START GIVEN MATERIAL

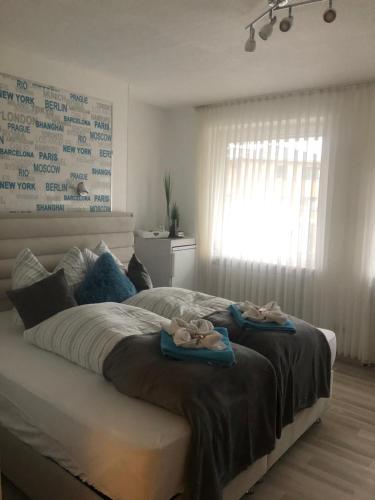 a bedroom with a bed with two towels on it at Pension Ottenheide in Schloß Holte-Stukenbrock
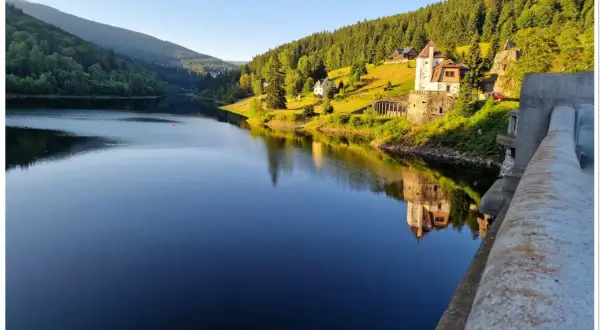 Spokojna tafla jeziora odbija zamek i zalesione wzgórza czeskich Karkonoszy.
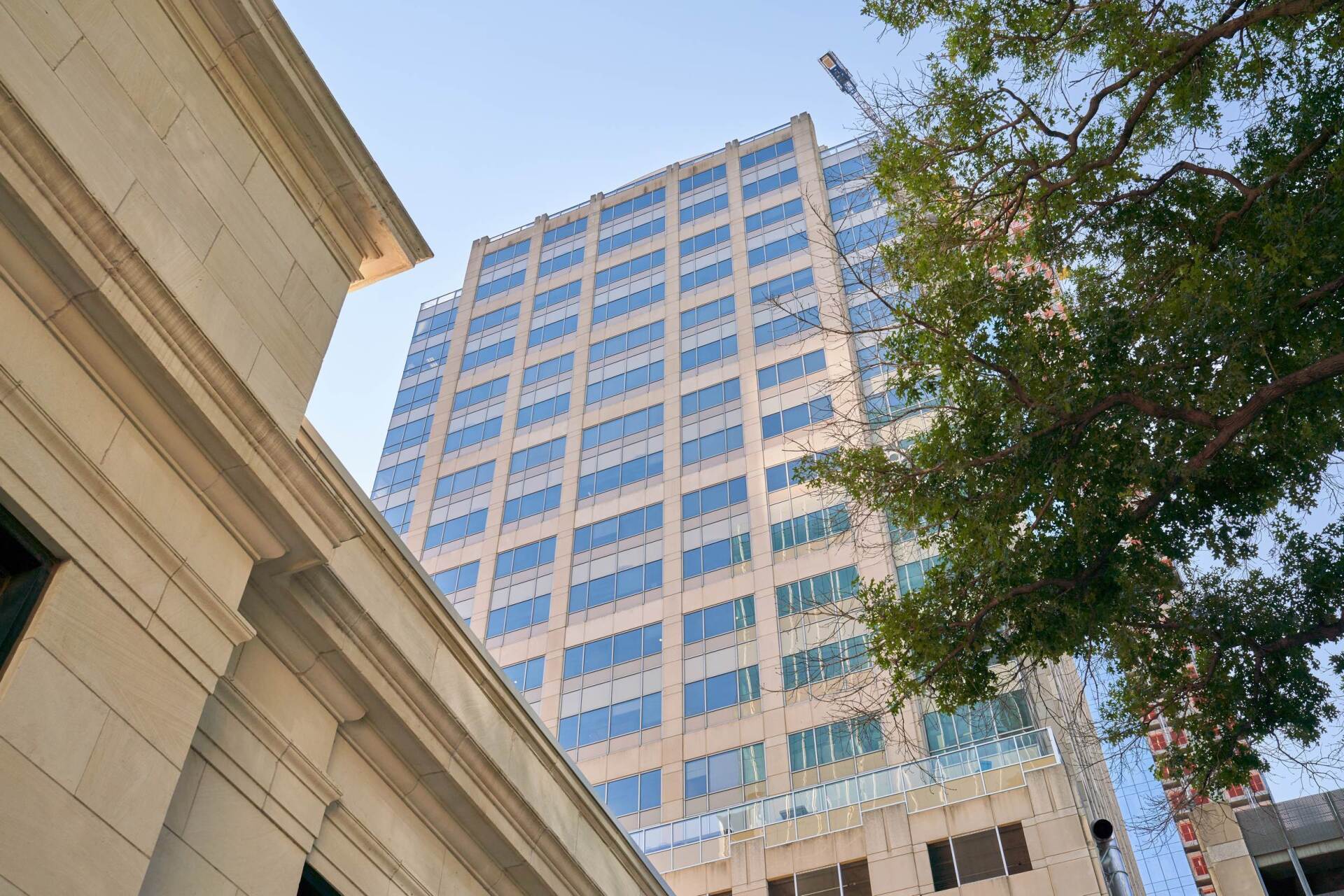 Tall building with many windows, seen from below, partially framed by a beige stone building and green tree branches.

END GIVEN MATERIAL

• EXERCISE BRIEF: Print the listing word for word but skip its pictures.

• EXERCISE RESULT:
 a bedroom with a bed with two towels on it at Pension Ottenheide in Schloß Holte-Stukenbrock
 Spokojna tafla jeziora odbija zamek i zalesione wzgórza czeskich Karkonoszy.
 Tall building with many windows, seen from below, partially framed by a beige stone building and green tree branches.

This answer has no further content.